Volto ao AMEN E AO AWOMEN do final do meu artigo anterior, pois completei a minha informação posteriormente, precisando, mas não alterando nada.

A 117.ª sessão do Congresso americano, que se inaugurou a 2 de Janeiro pp, onde os democratas são a maioria, abriu com uma oração feita pelo Pastor Metodista, Emanuel Cleaver. Até aqui, só de louvar. O Congresso inicia com uma oração!

Em Portugal, Nação Fidelíssima, que já foi, este acto de iniciar uma sessão parlamentar com uma oração, seria de todo impensável. Como se costuma dizer, “caía o Carmo e a Trindade”, talvez houvesse mesmo um golpe de Estado laicista promovido por toda a esquerda e por uma parte significativa da chamada direita politicamente correcta perante a indiferença da outra sem coluna vertebral e vazia de valores. Mas é o que temos ou seja, o que elegemos. Entretanto (a maioria?) vai a Fátima e põe velas em todos os santos!

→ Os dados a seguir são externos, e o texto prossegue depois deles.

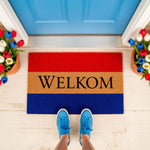 Welkom doormat with red, tan, and blue stripes, featuring a durable coir welcome mat design for a front porch entrance, styled with potted tulips and blue sneakers on a white floor, perfect for a colorful home entryway decor.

Voltando aos EUA e ao seu Congresso, agora com a dupla Biden/Kamala a ser apoiada incondicionalmente.

O Pastor Cleaver, inflamado, ignorante e obediente caninamente aos cânones da linguagem dita inclusiva, entendeu, na sua crassa ignorância que AMEN (palavra que vem do hebreu e entrou no latim e vigora em muitas línguas latinas ou não, significando ASSIM SEJA) deveria querer dizer “Ei Homens!” (lendo AMEN à inglesa: “Ei men!). E vai daí, para não terminar com uma saudação machista, sexista, “reza” também: Ei Mulheres!” (Awomen).

Os parlamentares americanos, sobretudo os republicanos, ficaram atónitos. E todos tinham razão para tal… Mas salvou-se a linguagem “inclusiva” que, por decisão, aprovada, de Nancy Pelosi, vai ter que vigorar no Congresso Americano. Não é anedota nem partida do 1.º de Abril que ainda vem longe.

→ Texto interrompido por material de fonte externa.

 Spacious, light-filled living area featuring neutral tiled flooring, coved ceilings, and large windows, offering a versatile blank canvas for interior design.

Assim, se criou uma nova palavra sem sentido e perversa. É a novilíngua de Georges Orwell descrita em “1984”.

Como muitos celebrantes católicos destas paragens já estão sintonizados com a linguagem inclusiva (basta um pouco, pouquinho, de atenção às mudanças que se estão a introduzir nas celebrações das Missas e eu posso garantir que já ouvi muitas vezes!), para que muito brevemente, por cá, também teremos o nosso Amém (leia- e o mém por Mãe) substituído por “Olá progenitor A e Olá progenitor B).

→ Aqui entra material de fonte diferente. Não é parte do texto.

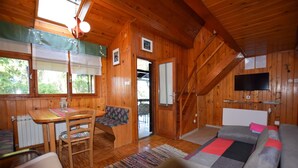 A wooden cabin interior with a dining area, sofa, and a TV mounted on the wall.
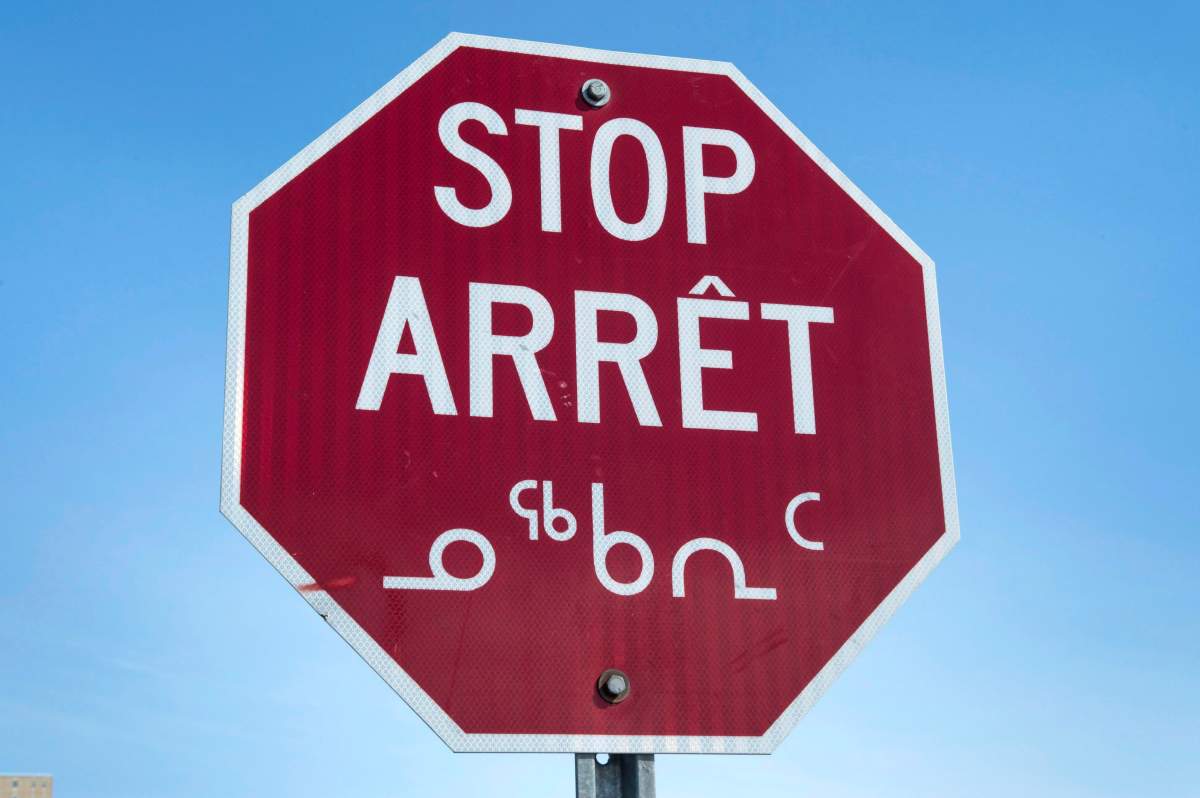 A stop sign in English, French and Inuit in Iqaluit, Nunavut.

Outro exemplo cada vez frequente é na Consagração do vinho, se substituir “fruto do trabalho do homem” por “ fruto do trabalho da humanidade” ou “ fruto do trabalho do homem e da mulher”, como se na nossa língua a palavra homem não fosse inclusiva de homens e mulheres! Aliás, é trair o texto de referência que diz, textualmente: “… fructum terrae et operis manuum HOMINUM” e cuja tradução, que foi aprovada pelas autoridades competentes e nunca alterada, diz. “… fruto da terra e do trabalho do homem…”.

Já faltou mais (ainda um dia destes, no final de Dezembro, numa Missa televisionada, o “Presidente” substituiu integralmente o Pai Nosso, desfigurando-o de forma grosseira e o povo, como carneiros amestrados, não titubeou!).

Na realidade, anda tudo de cabeça perdida. Uns porque querem, concordam e acham muito bem. Outros, a maioria, talvez, porque se recusa a pensar.

Entre nós já faltará pouco para que se crie no Parlamento uma Comissão para a Linguagem Inclusiva e tornar esta obrigatória e proibir o uso, onde quer que seja e por quem quer que seja, de linguagem dita sexista. Assim, por exemplo, deixaremos de poder usar a popular expressão: “Filhos da mãe!” e teremos que, obrigatoriamente passar a dizer: “Filhos “de” progenitor A ou um!”. Não tem graça nenhuma, pois não? Mas preparemo-nos. Amen e Awomem!